Cette formalité passée, Havard s’est repu des bisbilles qui secouent la
gauche. A l’origine : l’accord entre les Verts et le PS consenti mardi
et ses dommages collatéraux dans les circonscriptions partagées. Le député sortant juge la manoeuvre « irrespectueuse
des électeurs et irresponsable. » « Cela ne grandit pas l’image de la
politique, attaque-t-il. On est au royaume des combines et des
tripatouillages sur le dos des Français. » C’est ici son seul point
commun avec son adversaire Thierry Braillard, qui ne s’explique pas lui
non plus ce parachutage écologiste sur la 1e circonscription du Rhône, qu'il vise également. Le vice-président du parti radical de gauche est par ailleurs soutenu par Gérard Collomb dans sa démarche, contre l'avis du PS.
L’horizon s’éclaircit donc pour Havard au regard du morcellement des
candidatures à gauche sur sa circonscription. Mais l’élu lyonnais ne s’en
contente pas. C’est sur le terrain des idées qu’il souhaite faire la
différence. « La gauche échange des ‘circos’ contre des tranches de
centrale nucléaire et des emplois », raille-t-il, étayant au prisme du
local son argumentaire. « Fermer la centrale du Bugey, c’est mettre en
péril 5 000 emplois directs et indirects de notre région », expose-t-il,
assurant qu’à droite, la question du traitement du nucléaire est moins
confuse : « ne pas toucher au parc existant et continuer à développer
les énergies vertes. » Le député du Rhône enjoint même Gérard Collomb,
fer de lance du candidat François Hollande, à aller expliquer aux
Lyonnais « pourquoi leur facture énergétique augmentera. »
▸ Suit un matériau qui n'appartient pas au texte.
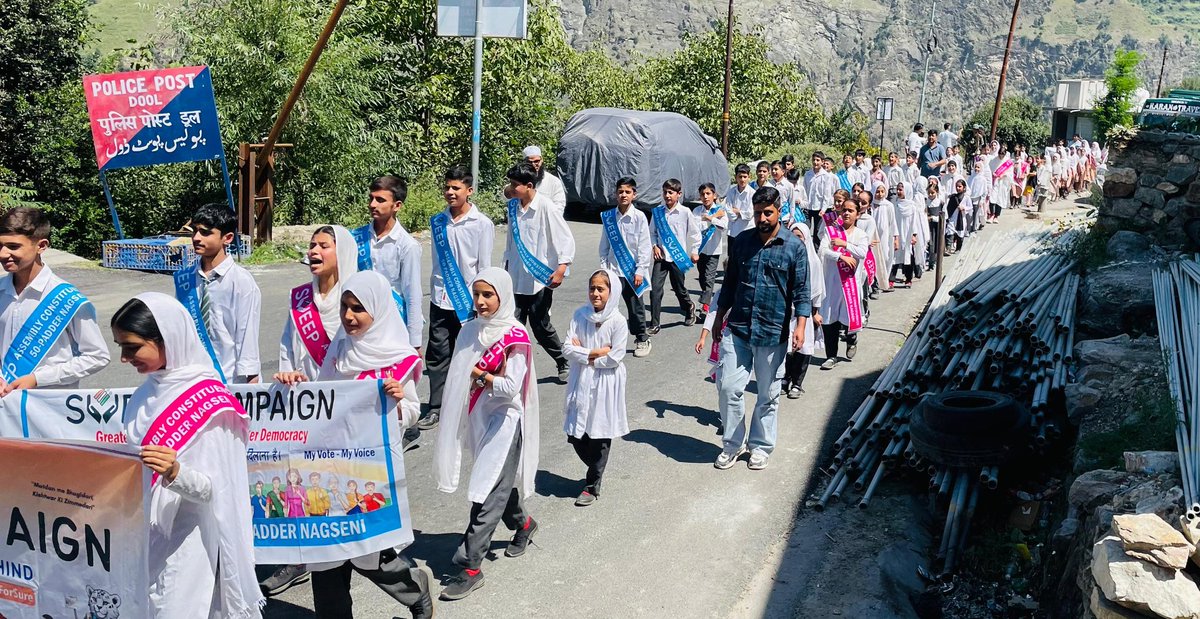 DICKishtwar's tweet image. Assembly Elections 2024: Over 380 enthusiastic students participated in a vibrant #SVEEP campaign rally at Lower Dool, Assembly Constituency 50 - Padder Nagseni. 

Together, we are raising awareness about the importance of voting!
Let&apos;s make our voices heard.

 #YouthForDemocracy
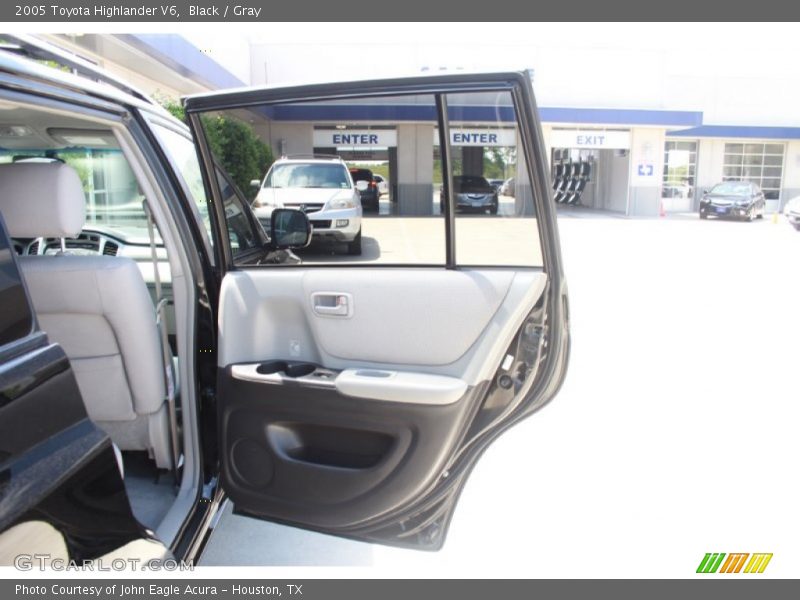 Black / Gray 2005 Toyota Highlander V6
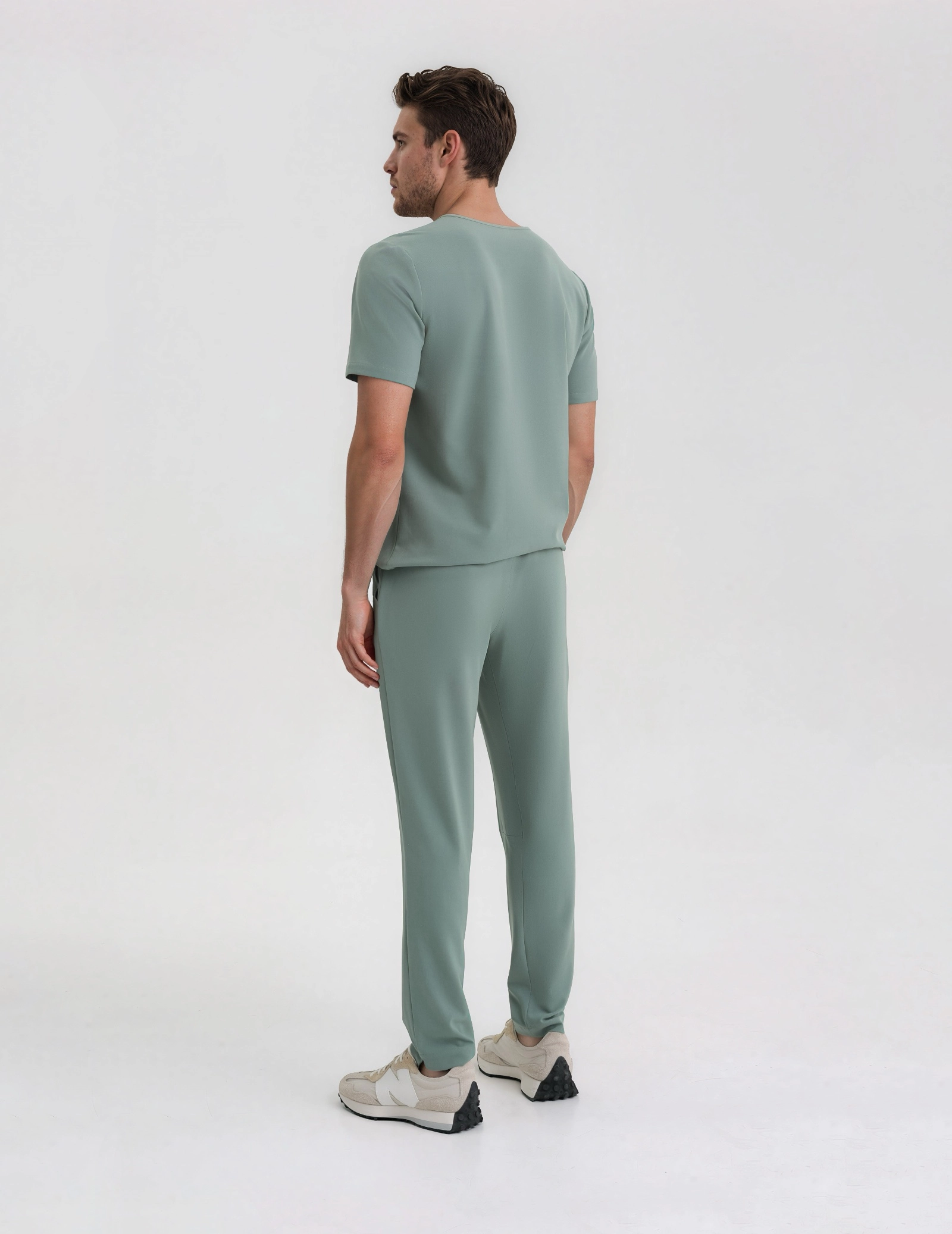 Pantaloni basic pentru bărbați - DUSTY GREEN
La campagne à donc bel et bien débuté à Lyon. « Le match commence »,
s’amuse Havard, dans un demi-sourire qui en dit long sur sa
satisfaction. Et de terminer son exercice avec cette phrase assassine pour le maire de Lyon : « avec Collomb, j'ai bien une génération d'écart dans la façon de faire de la politique. »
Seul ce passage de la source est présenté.